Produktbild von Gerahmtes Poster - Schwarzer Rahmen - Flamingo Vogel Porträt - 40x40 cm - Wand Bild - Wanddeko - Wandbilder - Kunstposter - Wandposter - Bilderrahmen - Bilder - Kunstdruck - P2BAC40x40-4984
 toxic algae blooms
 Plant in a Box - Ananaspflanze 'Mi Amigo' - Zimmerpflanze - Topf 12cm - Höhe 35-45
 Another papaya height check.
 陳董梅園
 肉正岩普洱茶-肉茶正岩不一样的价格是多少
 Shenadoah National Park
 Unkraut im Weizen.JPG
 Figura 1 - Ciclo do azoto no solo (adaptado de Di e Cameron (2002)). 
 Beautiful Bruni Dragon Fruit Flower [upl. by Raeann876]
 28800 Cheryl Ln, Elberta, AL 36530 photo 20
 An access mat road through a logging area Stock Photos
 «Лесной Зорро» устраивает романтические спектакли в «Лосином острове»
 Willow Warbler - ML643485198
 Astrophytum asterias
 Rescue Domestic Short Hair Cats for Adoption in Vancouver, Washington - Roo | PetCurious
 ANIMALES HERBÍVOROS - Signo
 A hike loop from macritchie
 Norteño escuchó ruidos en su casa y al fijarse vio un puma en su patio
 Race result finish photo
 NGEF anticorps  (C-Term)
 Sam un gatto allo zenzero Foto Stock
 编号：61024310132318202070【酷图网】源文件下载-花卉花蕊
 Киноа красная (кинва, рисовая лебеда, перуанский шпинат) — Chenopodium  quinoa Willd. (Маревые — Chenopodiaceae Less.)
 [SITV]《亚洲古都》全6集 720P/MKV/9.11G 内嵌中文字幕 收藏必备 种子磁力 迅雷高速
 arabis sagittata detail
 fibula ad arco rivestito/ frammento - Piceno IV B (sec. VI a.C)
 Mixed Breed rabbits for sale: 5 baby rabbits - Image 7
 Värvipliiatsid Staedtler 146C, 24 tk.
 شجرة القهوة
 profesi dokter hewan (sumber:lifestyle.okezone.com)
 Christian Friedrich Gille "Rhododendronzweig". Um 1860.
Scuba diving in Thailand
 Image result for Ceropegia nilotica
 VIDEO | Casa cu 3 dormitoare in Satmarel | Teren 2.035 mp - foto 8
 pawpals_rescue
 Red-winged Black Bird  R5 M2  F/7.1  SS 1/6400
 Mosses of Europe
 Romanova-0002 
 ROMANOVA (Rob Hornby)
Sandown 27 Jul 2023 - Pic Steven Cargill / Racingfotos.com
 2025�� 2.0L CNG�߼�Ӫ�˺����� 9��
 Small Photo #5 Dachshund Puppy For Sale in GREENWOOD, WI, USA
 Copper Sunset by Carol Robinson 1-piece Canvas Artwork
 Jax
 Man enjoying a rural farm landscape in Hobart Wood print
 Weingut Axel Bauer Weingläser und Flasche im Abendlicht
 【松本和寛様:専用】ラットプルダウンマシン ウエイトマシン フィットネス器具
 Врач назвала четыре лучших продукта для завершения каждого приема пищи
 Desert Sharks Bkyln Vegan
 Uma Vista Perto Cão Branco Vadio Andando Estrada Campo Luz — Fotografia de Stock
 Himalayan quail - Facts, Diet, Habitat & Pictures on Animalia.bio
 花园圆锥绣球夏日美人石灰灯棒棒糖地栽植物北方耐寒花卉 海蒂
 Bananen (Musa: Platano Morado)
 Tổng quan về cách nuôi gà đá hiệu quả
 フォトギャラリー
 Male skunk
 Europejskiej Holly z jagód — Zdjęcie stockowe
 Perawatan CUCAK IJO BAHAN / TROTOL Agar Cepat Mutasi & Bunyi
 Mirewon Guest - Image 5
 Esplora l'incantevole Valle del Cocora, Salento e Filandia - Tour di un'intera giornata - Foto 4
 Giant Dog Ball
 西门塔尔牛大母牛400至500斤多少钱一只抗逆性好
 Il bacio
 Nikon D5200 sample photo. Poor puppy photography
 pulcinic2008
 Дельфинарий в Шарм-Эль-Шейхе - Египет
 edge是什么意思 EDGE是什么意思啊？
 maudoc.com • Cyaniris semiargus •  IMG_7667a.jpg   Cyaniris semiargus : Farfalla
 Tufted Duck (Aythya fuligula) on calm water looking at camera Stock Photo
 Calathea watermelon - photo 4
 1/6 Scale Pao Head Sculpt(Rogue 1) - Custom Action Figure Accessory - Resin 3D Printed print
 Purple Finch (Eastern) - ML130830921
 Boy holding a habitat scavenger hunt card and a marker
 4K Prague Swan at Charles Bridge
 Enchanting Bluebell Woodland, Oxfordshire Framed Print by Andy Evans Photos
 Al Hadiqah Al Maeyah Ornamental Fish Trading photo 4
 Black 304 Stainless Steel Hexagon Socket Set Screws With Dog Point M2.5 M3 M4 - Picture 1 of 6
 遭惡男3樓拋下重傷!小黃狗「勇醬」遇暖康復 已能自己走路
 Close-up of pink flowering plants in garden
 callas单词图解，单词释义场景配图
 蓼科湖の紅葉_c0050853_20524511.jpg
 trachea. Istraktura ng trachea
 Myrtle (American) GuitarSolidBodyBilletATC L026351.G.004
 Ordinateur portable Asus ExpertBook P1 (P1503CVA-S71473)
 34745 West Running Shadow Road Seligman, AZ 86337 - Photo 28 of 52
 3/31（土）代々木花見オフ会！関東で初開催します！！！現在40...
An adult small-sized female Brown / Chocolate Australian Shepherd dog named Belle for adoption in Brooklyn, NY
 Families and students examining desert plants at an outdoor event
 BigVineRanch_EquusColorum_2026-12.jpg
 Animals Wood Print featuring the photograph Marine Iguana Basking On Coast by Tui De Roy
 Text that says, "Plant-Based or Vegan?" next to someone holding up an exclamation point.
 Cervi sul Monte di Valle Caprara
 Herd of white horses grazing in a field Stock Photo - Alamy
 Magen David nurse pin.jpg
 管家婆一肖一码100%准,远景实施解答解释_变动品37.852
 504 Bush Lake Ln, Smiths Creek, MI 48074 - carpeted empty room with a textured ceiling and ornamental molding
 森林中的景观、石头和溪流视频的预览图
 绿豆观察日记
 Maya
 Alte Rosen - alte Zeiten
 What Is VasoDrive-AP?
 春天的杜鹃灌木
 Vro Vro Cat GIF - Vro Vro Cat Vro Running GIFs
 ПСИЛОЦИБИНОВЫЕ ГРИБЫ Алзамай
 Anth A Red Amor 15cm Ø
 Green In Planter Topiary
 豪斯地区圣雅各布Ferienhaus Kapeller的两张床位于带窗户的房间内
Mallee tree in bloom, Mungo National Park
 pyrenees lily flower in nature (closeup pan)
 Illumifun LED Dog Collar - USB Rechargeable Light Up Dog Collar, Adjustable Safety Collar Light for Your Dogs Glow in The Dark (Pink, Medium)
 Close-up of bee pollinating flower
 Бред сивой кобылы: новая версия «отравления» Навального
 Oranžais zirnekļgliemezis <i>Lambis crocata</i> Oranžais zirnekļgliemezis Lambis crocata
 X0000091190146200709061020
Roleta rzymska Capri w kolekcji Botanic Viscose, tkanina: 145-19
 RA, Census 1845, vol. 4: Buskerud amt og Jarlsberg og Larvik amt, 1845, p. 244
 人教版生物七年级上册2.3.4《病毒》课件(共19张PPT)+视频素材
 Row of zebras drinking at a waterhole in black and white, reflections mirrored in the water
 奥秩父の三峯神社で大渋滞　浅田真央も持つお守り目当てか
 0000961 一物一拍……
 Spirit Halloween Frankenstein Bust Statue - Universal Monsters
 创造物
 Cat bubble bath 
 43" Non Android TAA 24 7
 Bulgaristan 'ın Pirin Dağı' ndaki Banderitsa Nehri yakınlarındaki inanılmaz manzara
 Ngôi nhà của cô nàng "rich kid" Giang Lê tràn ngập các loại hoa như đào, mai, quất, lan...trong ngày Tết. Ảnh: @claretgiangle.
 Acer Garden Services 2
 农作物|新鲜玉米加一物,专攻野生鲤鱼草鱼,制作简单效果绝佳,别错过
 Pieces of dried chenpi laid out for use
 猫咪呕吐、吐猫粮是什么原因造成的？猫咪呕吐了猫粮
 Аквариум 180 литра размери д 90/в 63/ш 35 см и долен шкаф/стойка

YOUR OBJECTIVE:
Extract the first line above and each line after it up to and including the one with "Plant in a Box", please, exactly and with nothing else.

SOLUTION:
Produktbild von Gerahmtes Poster - Schwarzer Rahmen - Flamingo Vogel Porträt - 40x40 cm - Wand Bild - Wanddeko - Wandbilder - Kunstposter - Wandposter - Bilderrahmen - Bilder - Kunstdruck - P2BAC40x40-4984
 toxic algae blooms
 Plant in a Box - Ananaspflanze 'Mi Amigo' - Zimmerpflanze - Topf 12cm - Höhe 35-45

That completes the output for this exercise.